2005–06 Slovak Cup

Tournament details
- Country: Slovakia
- Teams: 30

Final positions
- Champions: Ružomberok
- Runners-up: Spartak Trnava

= 2005–06 Slovak Cup =

The 2005–06 Slovak Cup was the 37th season of Slovakia's annual knock-out cup competition and the thirteenth since the independence of Slovakia. It began on 2 August 2005 with the matches of first round and ended on 8 May 2006 with the final. The winners of the competition earned a place in the first qualifying round of the UEFA Cup. Dukla Banská Bystrica were the defending champions.

==First round==
The seven games were played on 2 August 2005 and the seven games were played on 3 August 2005.

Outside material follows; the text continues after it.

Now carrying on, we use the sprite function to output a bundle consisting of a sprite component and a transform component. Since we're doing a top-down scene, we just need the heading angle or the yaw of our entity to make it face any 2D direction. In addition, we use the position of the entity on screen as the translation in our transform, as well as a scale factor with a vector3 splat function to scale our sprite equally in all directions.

| Team 1 | Score | Team 2 |
|---|---|---|
| FC Lamač Bratislava | 1–6 | FC Nitra |
| Spartak Trnava | 2–1 | DAC Dunajská Streda |
| FC Nitra II | 0–6 | Inter Bratislava |
| MFK Ružomberok | 3–0 | HFC Humenné |
| Podbrezová | 1–0 | Tatran Prešov |
| Odeva Lipany | 1–0 | LAFC Lučenec |
| FK Košice-Barca | 0–4 | MFK Košice |
| Eldus Močenok | 3–0 | ViOn Zlaté Moravce |
| Slovan Bratislava | 0–0 (5–6 p) | Matador Púchov |
| Slovan Duslo Šaľa | 2–1 | ZTS Dubnica nad Váhom |
| Spartak Trnava II | 0–1 | AS Trenčín |
| Družstevník Báč | 0–3 | FC Senec |
| Rimavská Sobota | 1–1 (6–5 p) | Zemplín Michalovce |
| ŠK Aqua Turčianske Teplice | 1–8 | MŠK Žilina |

==Second round==
The four games were played on 30 August 2005 and the four games were played on 31 August 2005.

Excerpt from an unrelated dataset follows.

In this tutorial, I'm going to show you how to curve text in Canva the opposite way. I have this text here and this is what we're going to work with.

| Team 1 | Score | Team 2 |
|---|---|---|
| Podbrezová | 1–2 | FC Senec |
| Slovan Duslo Šaľa | 3–0 | Odeva Lipany |
| MFK Ružomberok | 1–0 | Matador Púchov |
| Spartak Trnava | 1–0 | MFK Košice |
| Inter Bratislava | 0–2 | Artmedia Bratislava |
| FC Nitra | 1–1 (5-3 p) | MŠK Žilina |
| AS Trenčín | 3–0 | Dukla Banská Bystrica |
| Eldus Močenok | 3–0 | Rimavská Sobota |

==Quarter-finals==
The first legs were played on 18 October 2005 with the exception of Artmedia Bratislava – FC Senec, which was played on 5 October 2005. The second legs were played on 25 October 2005.

==Semi-finals==
The first legs were played on 28 and 29 March 2006. The second legs were played on 11 and 12 April 2006.